Walk the neighborhod now, and you find spanking-new Off-Broadway theaters, upscale apartment towers, boutique hotels, and trendy bars. There’s something new on almost every block. A restaurant boom promised in the Post two years ago hasn’t quite materialized. It’s getting better, but it’s not there yet.
Print Restaurant opened three years ago in the Ink48 Hotel, at Hell’s Kitchen’s most remote address, 48th Street and Eleventh Avenue. There’s nothing wrong with the neighborhood any more, but it’s a loooong hike from the subway.
You can guess the theme here, in this renovated printing plant. The rooftop lounge/bar is called Press, which I visited a while back. You’ll quickly forget the drinks, but the view is one of the city’s best. Even the NYT’s Frank Bruni loved it.
It’s pretty clear that Print was meant to be more than just a hotel cafeteria. Early publicity mentioned chef Charles Rodriguez’s past work with Thomas Keller and Charlie Trotter—maybe just a stage, but still. Starchitect David Rockwell, who never met a dark wood he didn’t like, designed the dining room.

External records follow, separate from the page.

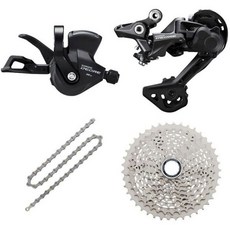  시마노 체인링 34t 싱글 크로더 이너체인링 JGbike 데오르 M4100용 호환 10 스피드 MTB 4pc 그룹 세트 오른쪽 시프트 레버 롱 케이지 리어 변속기 1142T 카세트, CS-M4100 11-46T SILVER, Silver X10 126L chain 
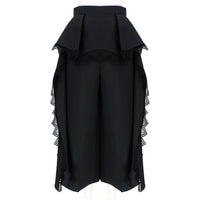 Alexander McQueen black cotton silk wide leg trousers with layering and lace trim detail
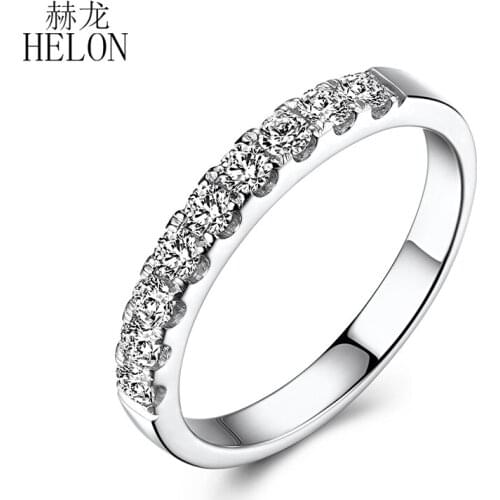 HELON 0.36ct Moissanite Ring Sterling Silver 925 Round VVS/DEF Color Test Positive Lab Grown Moissanite Diamond Engagement Ring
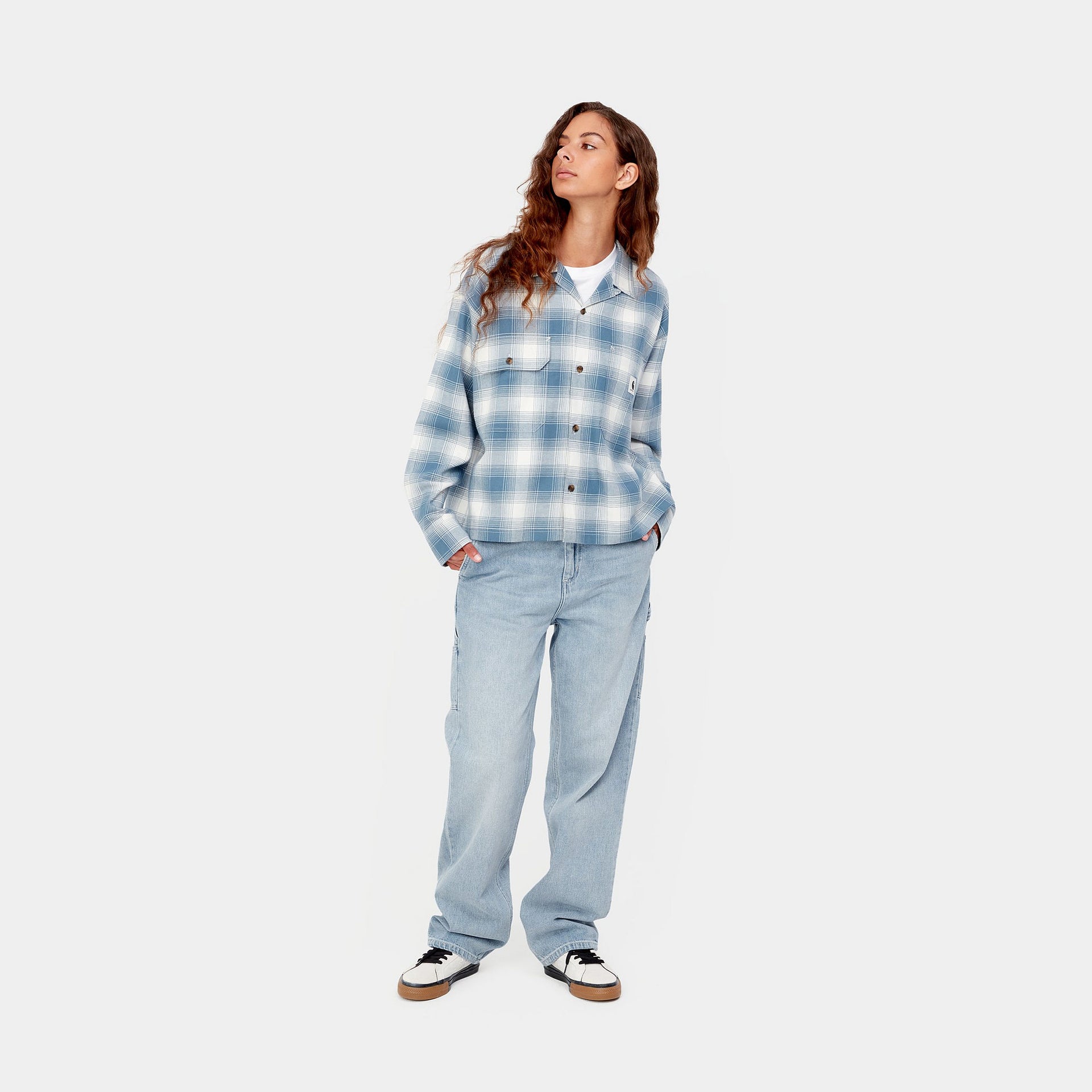W' Pierce Pant Straight Blue Light Stone Washed
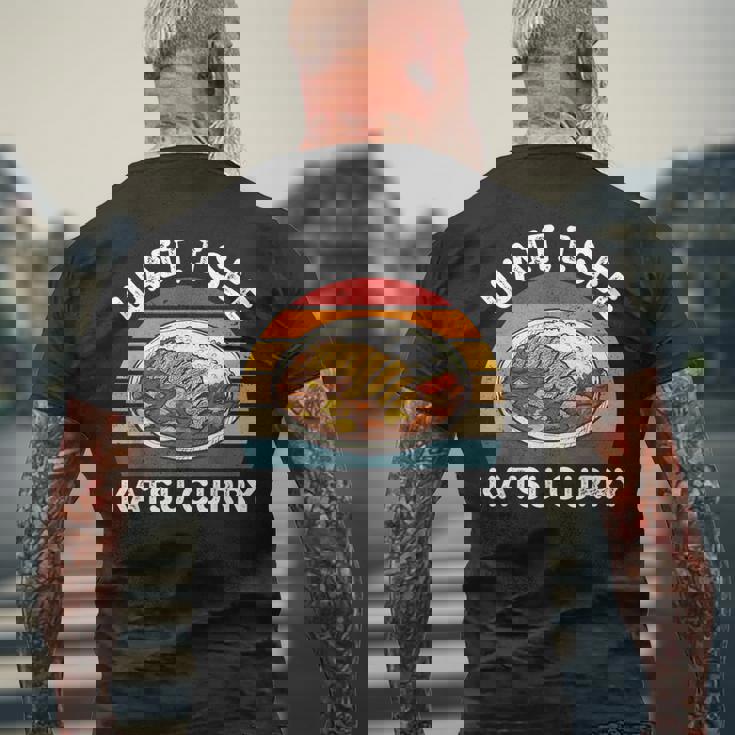 ヴィンテージ カツカレー 待つ カツカレー 和食 メンズTシャツ バックプリント 高齢者への贈り物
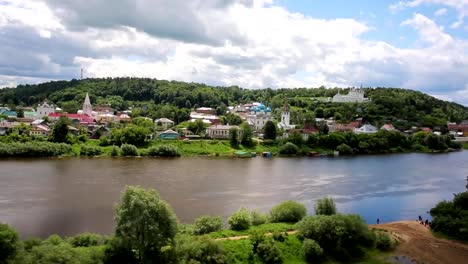 ancient-town-of-Gorokhovets-on-the-river,-aerial-shot,-Russia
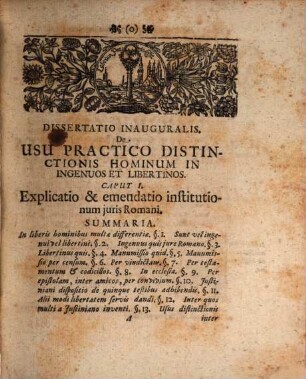 Dissertatio Inauguralis, De Usu Practico Distinctionis Hominum In Ingenuos Et Libertinos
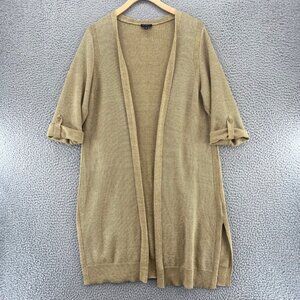 Talbots Sweater Womens Large Petite Gold Shimmer Linen Blend Cardigan 3/4 Sleeve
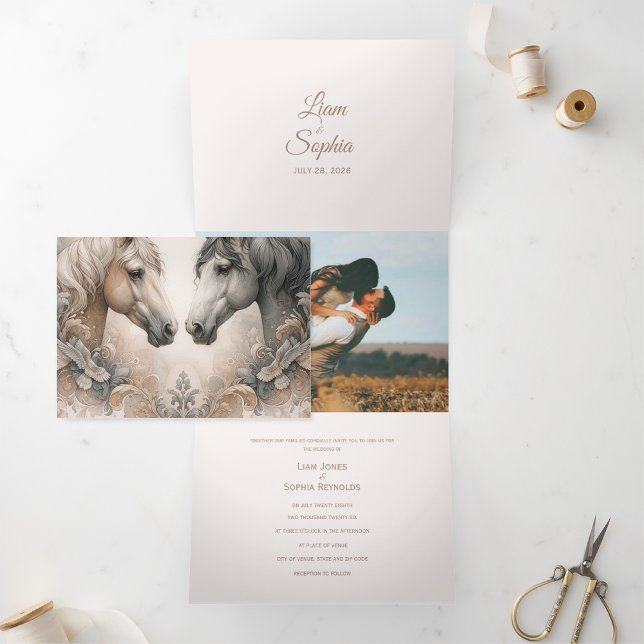Elegante Dreifachfalte hinzufügen Foto Hochzeit Ei Dreifach Gefaltete Einladung (Von Creator hochgeladen)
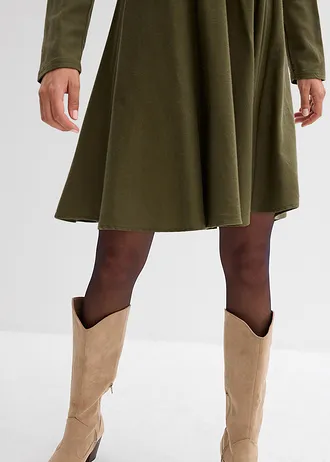 Licht flanellen jurk van puur katoen • donkerolijfgroen • bonprix online shop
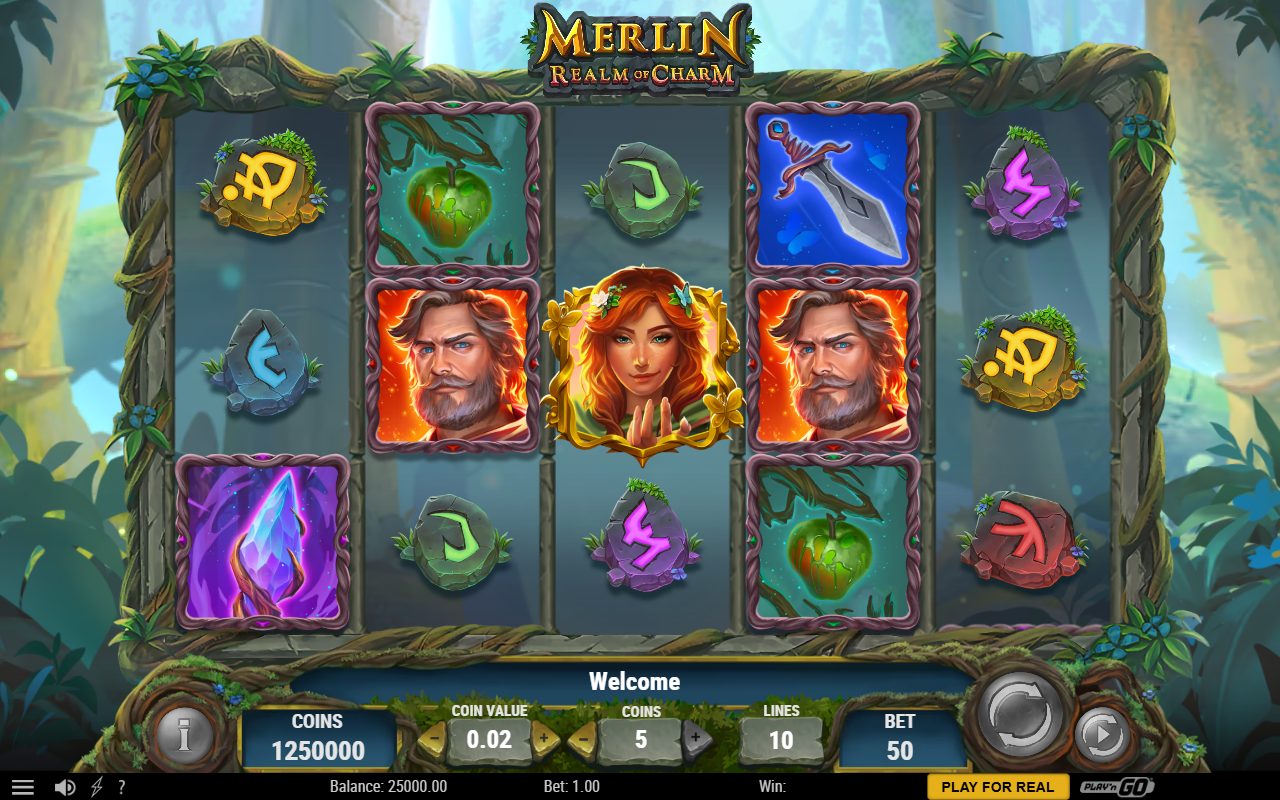 Merlin Realm of Charm base game reels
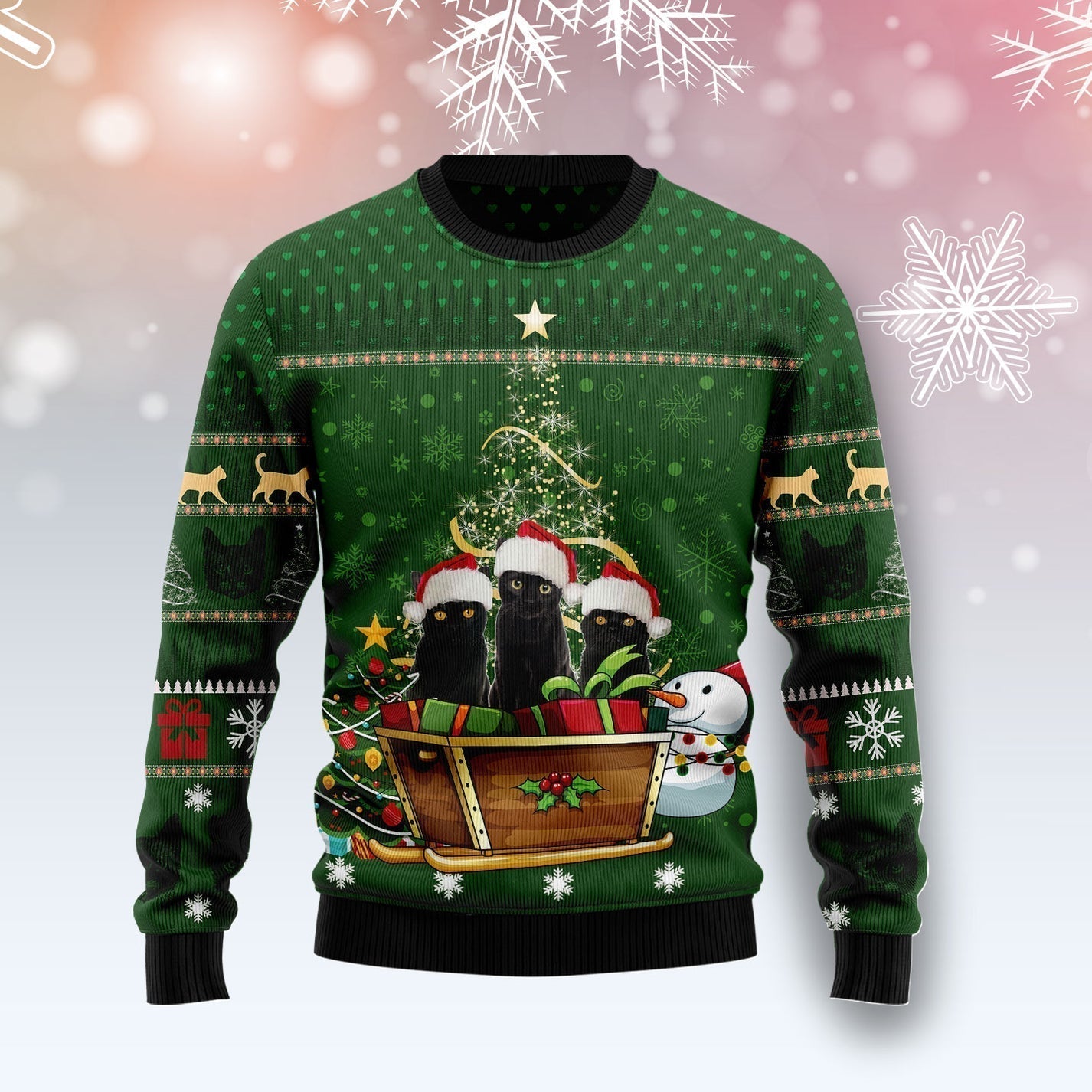 Black Cat Group Xmas Ugly Christmas Sweater For Men & Women Christmas Gift Sweater US2887 - WeCustomit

But Print received scant critical attention: a perfunctory Dining Brief from Sam Sifton in The Times, and a “very good” from Serious Eats’ Ed Levine, each in 2010. Both mentioned the car dealerships, and little else in the neighborhood, which shows how much has changed in three years.
When the rapturous reviews don’t come, places like Print often give up: the chef leaves, and a no-name from catetering school replaces him. The restaurant becomes just a place for weary travelers to grab a morning muffin or a plate of grilled salmon before bedtime.
Not so at Print, where Rodriguez is still in the saddle, and the service abounds with the grace notes that most Manhattan restaurants carelessly omit. It’s the little things, like transferring the bar tab to the table, reprinting the menu daily, providing bread knives and three kinds of bread (from Sullivan Street Bakery, I believe), and serving red wine at the right temperature, in Stöltze glassware.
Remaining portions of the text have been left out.